Nadie le prestó atención. Se volvió y regresó por donde había venido, sintiendo una corriente de aire que lo atravesaba hasta los huesos, una corriente hedionda que arrastraba olores de criptas, óxidos, cardenillo…

«Pero no es Izya el charlatán que habla al otro extremo — pensó sin mucha convicción —. Izya nunca ha pronunciado semejantes palabras. No tiene sentido que me enoje con él… Ni que haya venido aquí. ¿Con qué objetivo he llegado hasta este sitio? Seguramente me pareció que había entendido algo. De cualquier manera, ya he cumplido los treinta, es tiempo de entender cómo funcionan las cosas. Qué idea más absurda: convencer a los monumentos de que no le hacen la menor falta a nadie. Es como convencer a la gente de que no son necesarios. Y puede que eso sea de esa forma, pero ¿quién va a creerlo?
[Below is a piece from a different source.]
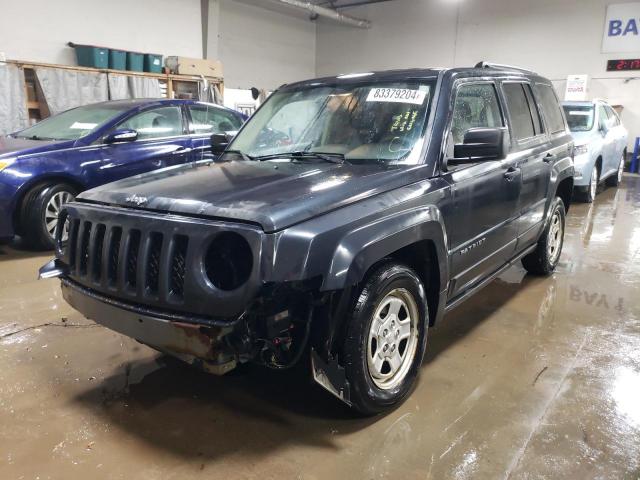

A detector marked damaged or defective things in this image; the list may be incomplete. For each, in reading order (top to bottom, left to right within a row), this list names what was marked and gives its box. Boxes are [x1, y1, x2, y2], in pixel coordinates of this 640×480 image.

cracked windshield [228, 81, 432, 164]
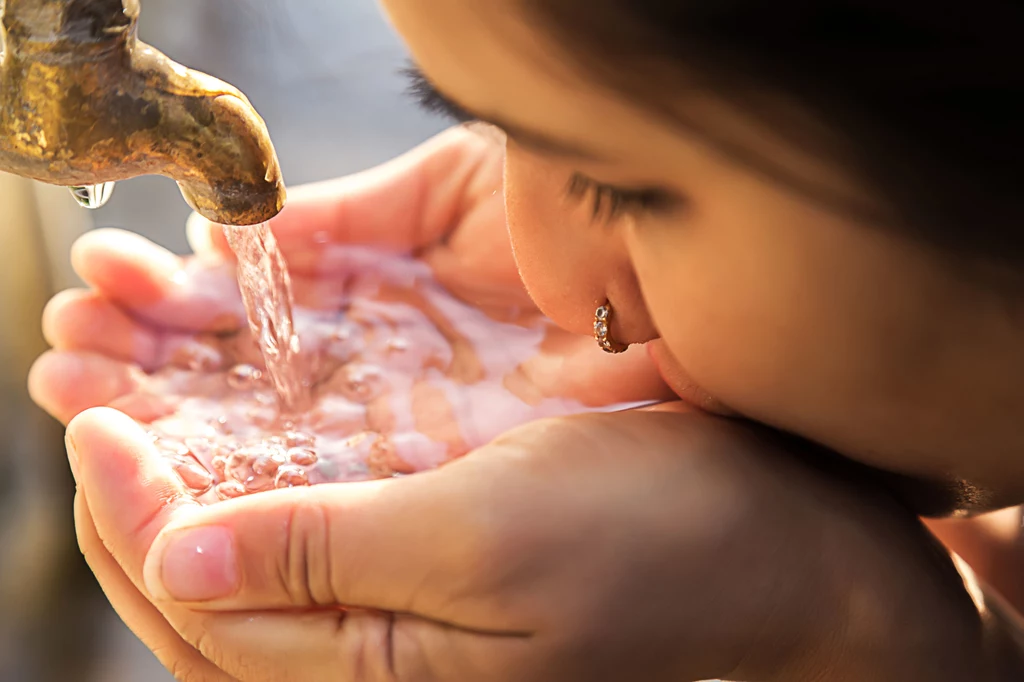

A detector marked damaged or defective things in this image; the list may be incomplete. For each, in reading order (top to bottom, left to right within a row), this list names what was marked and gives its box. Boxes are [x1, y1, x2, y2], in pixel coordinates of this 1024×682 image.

«En los últimos años me ha ocurrido algo. He perdido algo… Los objetivos, eso es lo que he perdido. Hace apenas cinco años sabía con exactitud para qué hacía una u otra cosa. Pero ahora no lo sé. Sé que habría que fusilar a Chñoupek. Pero, con qué objetivo, no lo tengo claro. Entiendo, por supuesto, que mi trabajo resultaría más fácil, pero qué falta hace que yo trabaje con más facilidad. Únicamente me hace falta a mí. Para mí. Cuántos años llevo viviendo sólo para mí. Seguramente eso es correcto: nadie va a vivir por mí para mí, yo mismo debo ocuparme de eso. Pero es aburrido, angustioso, me harta… Y tampoco puedo elegir — pensó —. Eso es lo que he entendido. El hombre no puede nada, no es capaz de nada. Lo único que puede, lo único de que es capaz es de vivir para sí.» Aquella idea le resultó tan definida, tan desesperadamente nítida, que le hizo chirriar los dientes.